The STEVIN project SoNaR aims to build a 500-million word balanced reference corpus for contemporary (1954-present) written Dutch. Besides comprising no less than 38 text types, the corpus will also be balanced according to the number of speakers in Dutch-speaking regions, one-third of the texts coming from Flanders, and two-thirds from the Netherlands. Not only texts from the more conventional text types will be gathered such as newspapers, reports, etcetera, but also data coming from new media such as chat, SMS, internet fora and email. A very important aspect of the SoNaR project is that for all text material included, Intellectual Property Rights (IPR) are settled, so as to guarantee a widespread availability.
We are always looking for more people interested in donating text material to the SoNaR-corpus. This can be done using WINKLE or by contacting Orphée De Clercq.
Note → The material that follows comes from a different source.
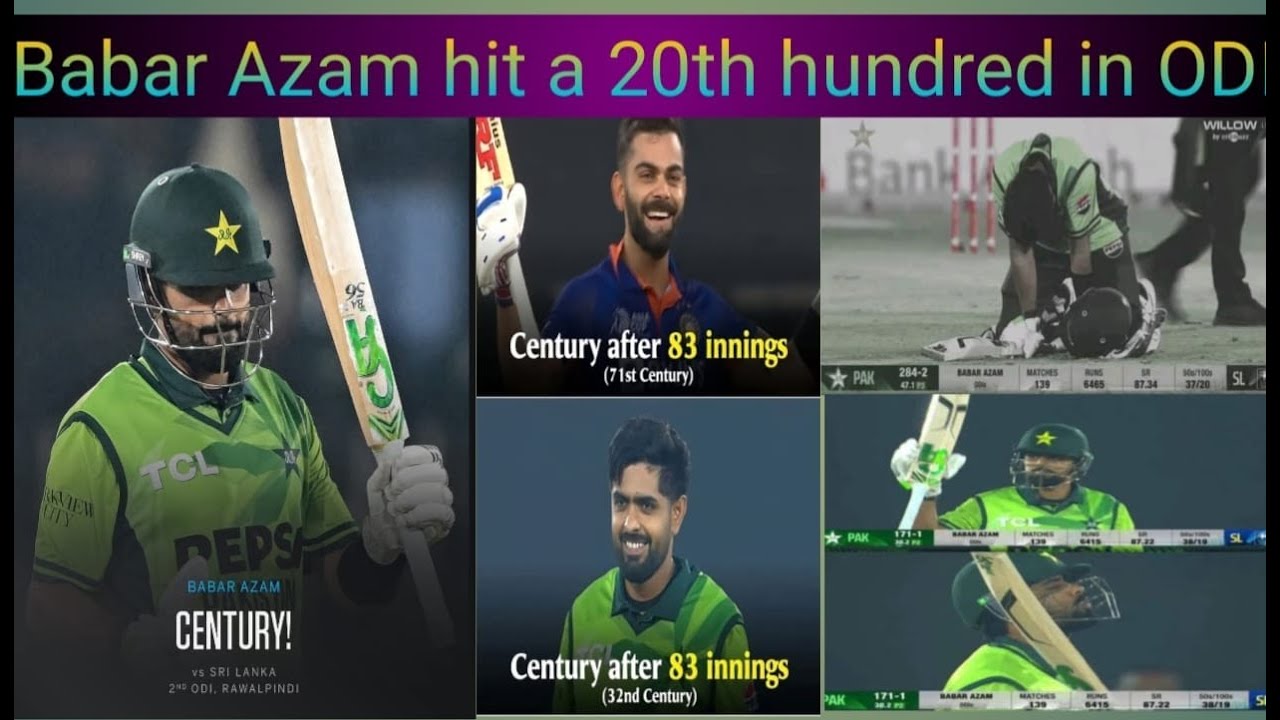 babar azam scored hundered in 2nd odi match against sri lanka
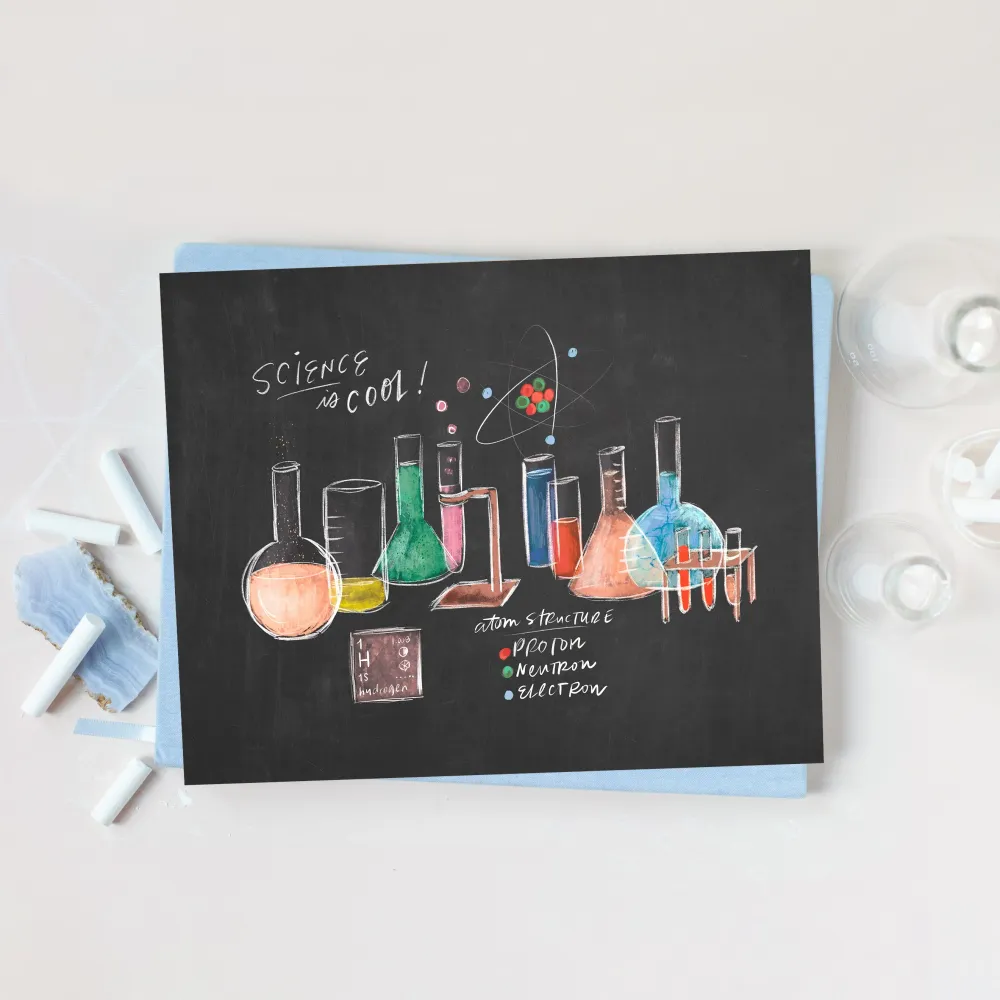 Science is Ligero | Blackboard | Art Print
Many people and organizations have gone before you and donated text material for which we are very grateful (you can find an overview here ). Some Frequently Asked Questions are answered in this document (in Dutch).
- Currently we are also looking for people willing to donate text messages. More instructions on how you can help SoNaR can be found on: www.sonarproject.be (in Dutch).
Semantic Annotation of 1MW
Within the SoNaR corpus, a core corpus of 1 million words is manually annotated with four semantic layers:
- Named Entities
- Coreference Relations
- Spatio-Temporal Relations
- Semantic Roles